— Pozostanę więc sam. Coraz lepiej. — Co masz do załatwienia w Paryżu?
— Widzieć się muszę z panią Dubarry i powiadomić ją, że król przybył do Luciennes.
— Aha!... Hrabina poleciła ci zatem, abyś mi to powiedział?
— Tak, panie.
— A czy nie powiedziała co mam robić tymczasem?
— Powiedziała, że pan będzie spał.
— Zapewne — pomyślał król, — niezwłocznie nadjedzie, przygotowywa z pewnością jakąś nową dla mnie niespodziankę.
I głośno dodał:
— Jedź-że prędko i sprowadź tu hrabinę... Ale, ale, jakże pojedziesz?
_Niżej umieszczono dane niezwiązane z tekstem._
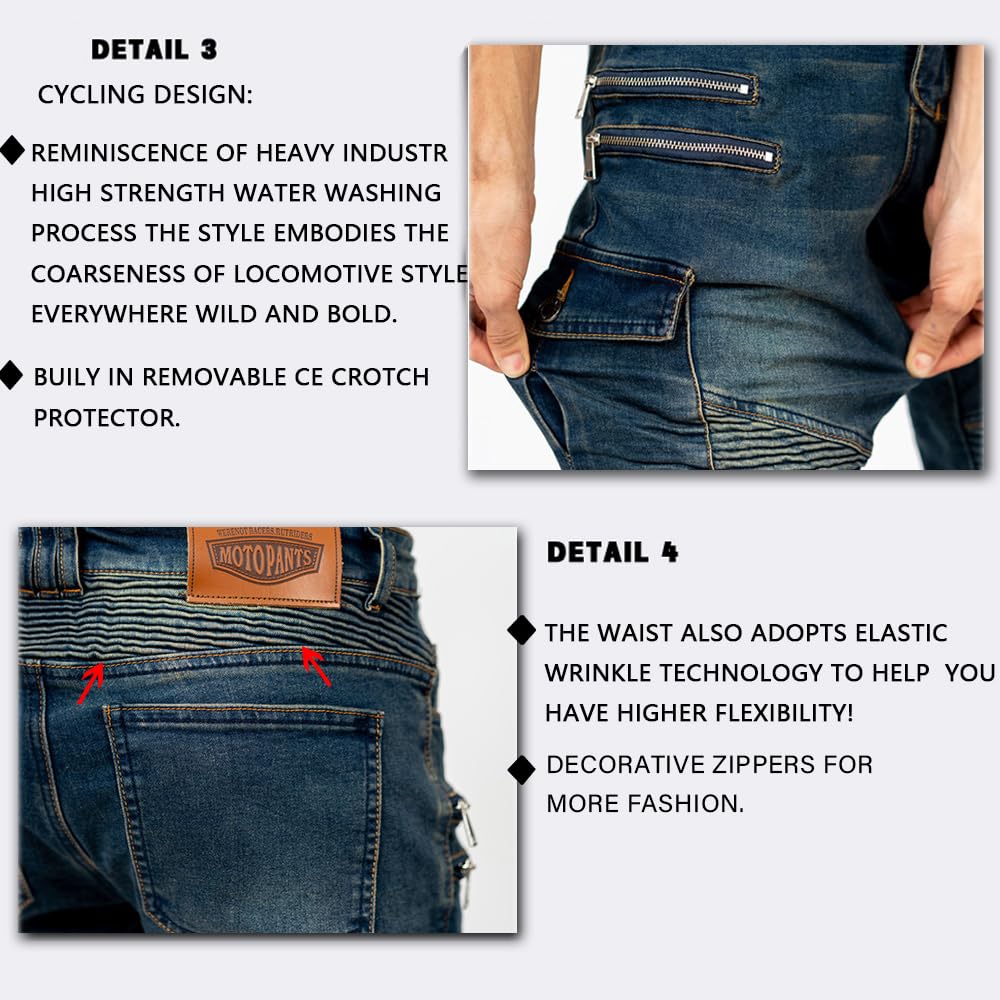 LOMENG Motorcycle Riding Pants Motorbike Motocross Cycling Jeans Safety CE Knee Hip Removable Armored All Seasons for Men Blue 4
— Na wielkim białym koniu w czerwonym czapraku.
— A jak prędko biały koń stanie w Paryżu?
— Nie wiem — odpowiedział murzyn, — ale on umie pędzić szybko, a Zamor lubi szybko jechać.
— No, to całe szczęście, że Zamor lubi szybko jeździć.
I stanął w oknie, by popatrzeć na odjeżdżającego.
Lokaj wysokiego wzrostu, podsadził murzynka na konia, i Zamor puścił się galopem ze szczęśliwą, a właściwą dziecięcemu wiekowi nieświadomością niebezpieczeństwa.
Strona:PL Dumas - Józef Balsamo.djvu/475
Ta strona została przepisana.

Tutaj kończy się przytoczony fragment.